2019年7月から開始いたしました6年間の英国留学を、Tazaki財団の皆様からのご支援と奨学生間の交流を通して無事終了することができました。本レポートでは、本年1年間の大学生活に焦点を当て、英国での生活を振り返ります。
まず学習面では、本年はこれまでのBiochemistry(バイオケミストリー)とは異なり、Imperial College Business SchoolにてBusiness Management(ビジネスマネジメント)を学びました。Biochemistryと比較して様々な違いがあり、1年間を通して大きな成長を実感することができました。学習内容はファイナンス、経済、マーケティングなど広範囲にわたり、これまで私が全く触れてこなかった分野ばかりでした。そのため、知らない単語や概念を毎回の講義で覚えなければならず、想定していたよりも復習に時間がかかることが多々ありました。しかしながら、今まで全く知らなかったことを常に吸収できる環境にいたため、大変な反面、楽しさも日々感じていました。加えて、このコースでは日常生活にも役立つ知識を身につけることができたため、大きなやりがいを感じることが多かったように感じます。ファイナンスの講義では投資すべき企業や債券を理論的に分析する能力を身につけることができ、人事管理に関する講義(Organisational Behaviour and Human Resource Management)ではチームや組織を円滑に統率する方法や組織の運営において必要な改善点について学ぶことができました。

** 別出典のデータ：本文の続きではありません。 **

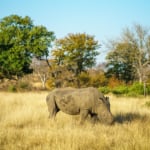 クルーガー国立公園で角のない白サイ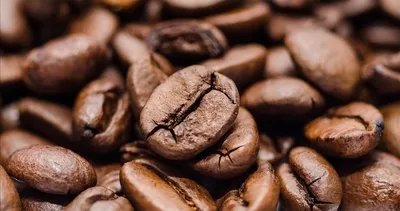 Kahve ucuzladı... 2 ülke fiyatları etkiledi: Mayıs 2024’ten beri ilk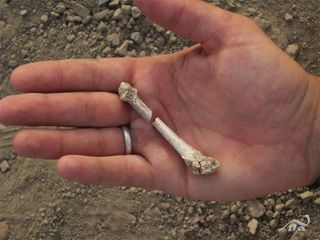 foot bone of an unknown pre-human species discovered in Ethiopia.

バイオケミストリーと比較した際に、私が最も変化を感じたのは学習内容だけではありませんでした。バイオケミストリーを学んでいた頃は、基本的には個人プレーが多かった印象です。課題はほとんど個人で提出するものであり、複数人で実験を行った際にもレポート作成は個人提出のことが多かったため、学習において人との協力を強いられることはありませんでした。しかし、ビジネスマネジメントのコースでは、実際にビジネスの世界で働くことを強く意識しているため、8割以上の課題がチーム課題でした。さらに、ほとんどの課題が、「ある会社が海外進出する際にどの国を選ぶべきか」「架空の商品を作り出し、その商品のマーケティング戦略とCMを作る」といった、一つの答えが存在しないものであったため、チームミーティングでの長時間の議論が必要なことが多々ありました。最初は、自分の意見が他のメンバーと違う時にそれを主張することができず、物事が進んでしまうこともありました。しかし、勇気を出して積極的に議論に参加するようになってからは、以前よりも課題の質が高くなったと実感することができ、その上、私自身の成長も感じられました。数多くのチーム課題を経て、チームで一つの課題に取り組む際には、人間関係に加え、適切な仕事分担が非常に大切だと感じました。「自分はこれが得意だからこのタスクしかやらない」と狭い視野を持つのではなく、客観的に誰が何をすべきか、そしてそれぞれのタスクに何人必要なのかなどを話し合い、仕事の分担で不満が生まれないようにする努力を多くしました。特に5人一組で取り組んだ卒業論文では、テーマ決め、文献レビュー、インタビューの実施、結果の分析など、様々な内容を常にグループで協力して進捗状況を確認する必要があったため、円滑なチームワークなしには卒業論文を完成させることが出来なかったと思います。複数人で一つのプロジェクトを担当するのはビジネスの世界では常にあることだと思いますので、卒業論文の作成を通してビジネスの世界に出る上で非常に大切な力を身に付けることができました。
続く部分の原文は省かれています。